THE PROBLEM — Your copy should repeat each record below exactly and contain no images.

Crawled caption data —
BEGIN
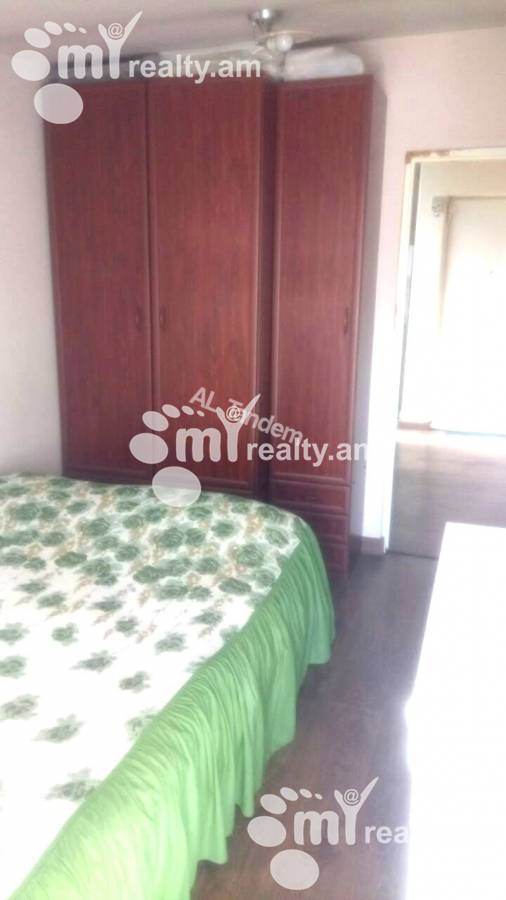 3 սենյականոց բնակարան  Մոսկովյան փող, Կենտրոն Երևան, 142743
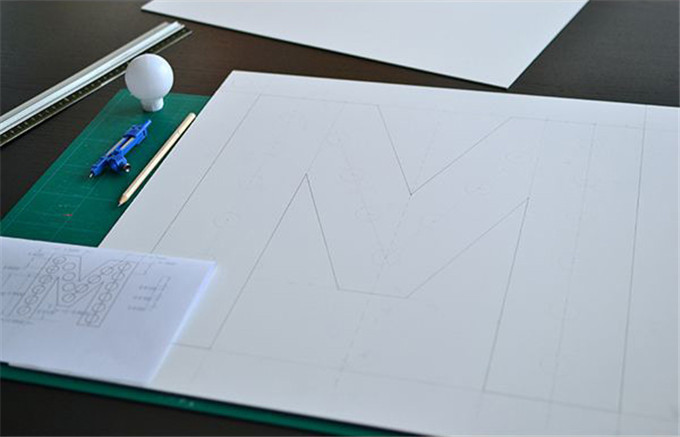 10张图教你制作一款个性字母灯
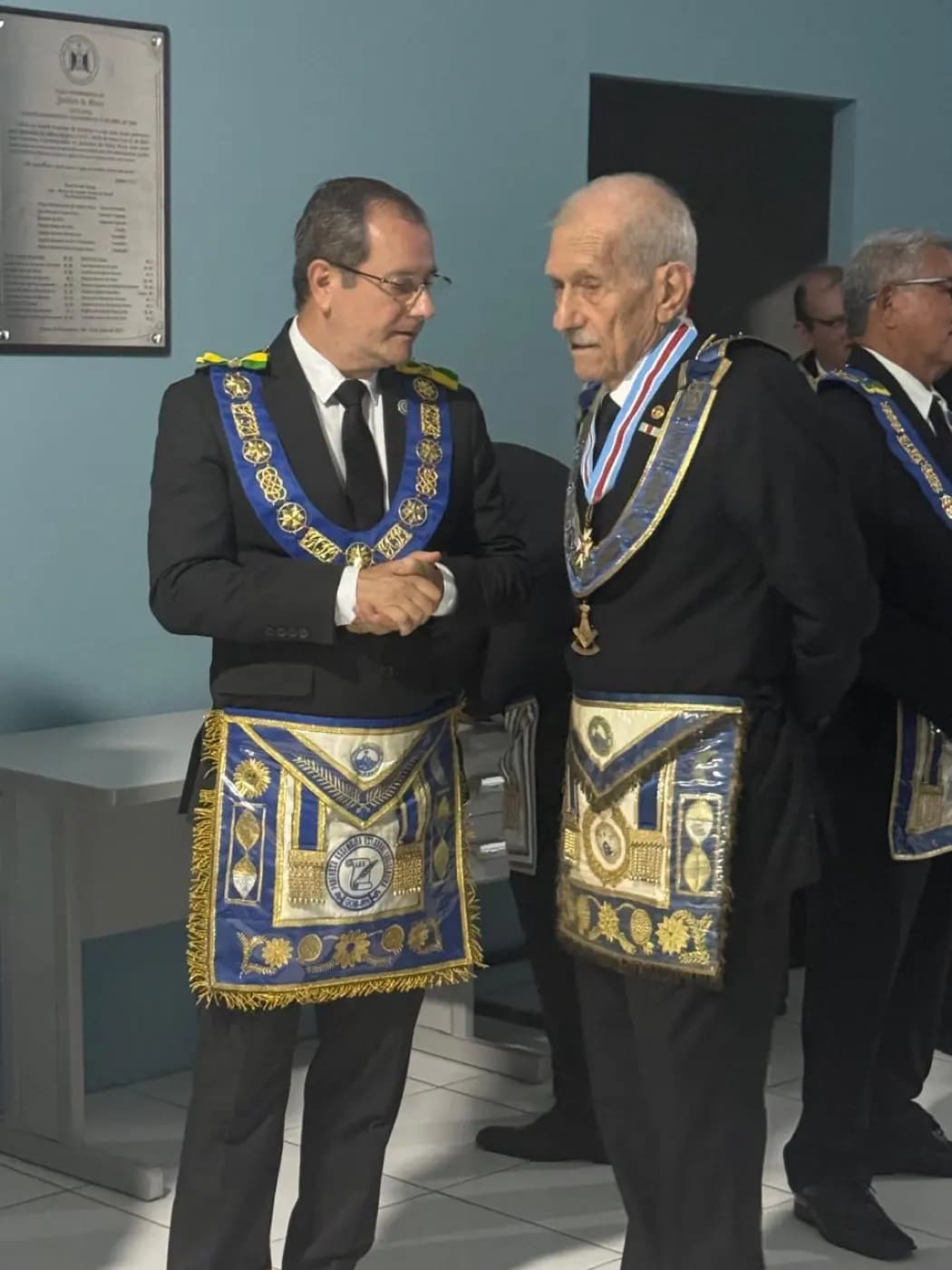 Registro fotográfico: PARTICIPAÇÃO DO GRÃO-MESTRE DO GOB/RN NA SESSÃO ORDINÁRIA NO GRAU DE APRENDIZ MAÇOM, DA ARLS 21 DE ABRIL Nº 1.864, ORIENTE DE PARNAMIRIM/RN.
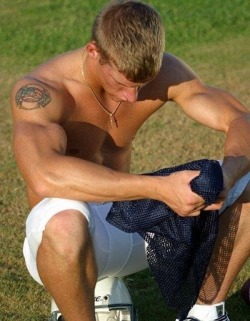 footballjockstraps:  (via TumbleOn) 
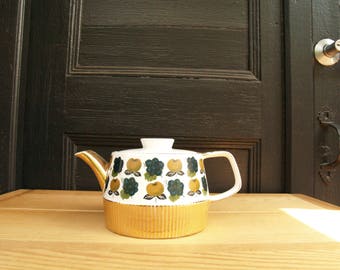 Gibson's Gold-Accented Tea Pot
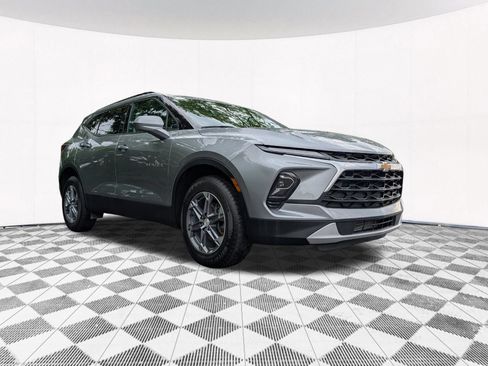 Used 2024 Chevrolet Blazer LT w/ Convenience Package AWD/4WD image 16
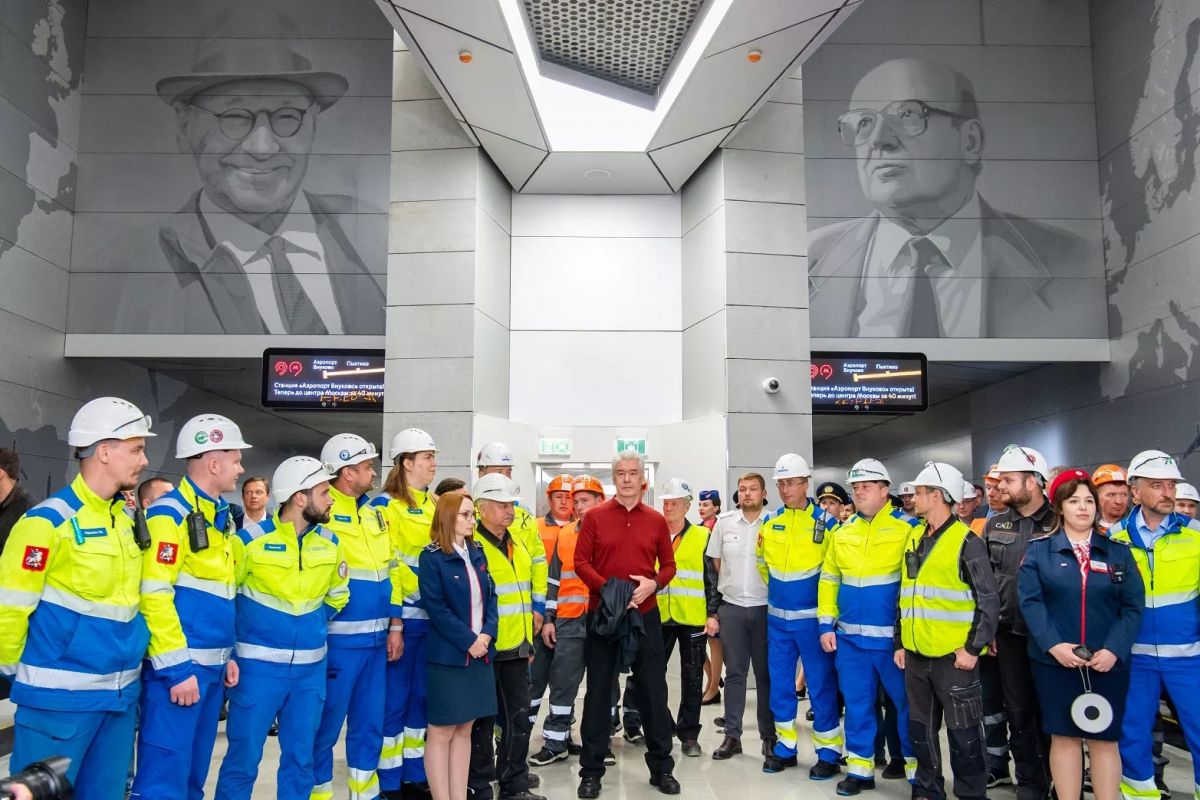 Сергей Собянин поздравил создателей московского метро с Днем метростроителя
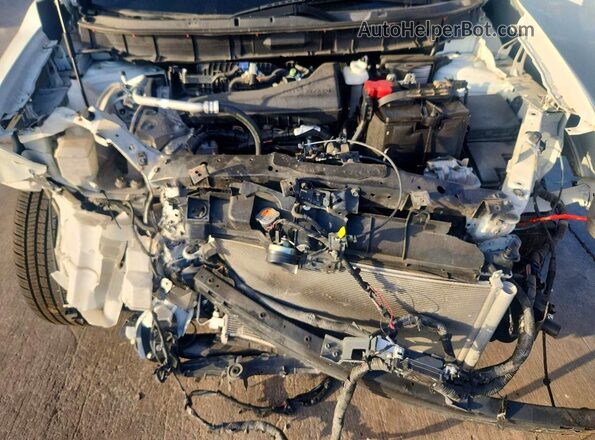 KNMAT2MT4JP622976 2018 NISSAN ROGUE White Widok komory silnika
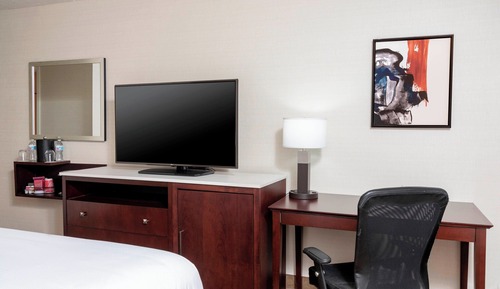Standard Room, 1 Queen Bed (Mobility/Hearing Accessible, Tub)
END
TASK OUTPUT —
 3 սենյականոց բնակարան  Մոսկովյան փող, Կենտրոն Երևան, 142743
 10张图教你制作一款个性字母灯
 Registro fotográfico: PARTICIPAÇÃO DO GRÃO-MESTRE DO GOB/RN NA SESSÃO ORDINÁRIA NO GRAU DE APRENDIZ MAÇOM, DA ARLS 21 DE ABRIL Nº 1.864, ORIENTE DE PARNAMIRIM/RN.
 footballjockstraps:  (via TumbleOn) 
 Gibson's Gold-Accented Tea Pot
 Used 2024 Chevrolet Blazer LT w/ Convenience Package AWD/4WD image 16
 Сергей Собянин поздравил создателей московского метро с Днем метростроителя
 KNMAT2MT4JP622976 2018 NISSAN ROGUE White Widok komory silnika
Standard Room, 1 Queen Bed (Mobility/Hearing Accessible, Tub)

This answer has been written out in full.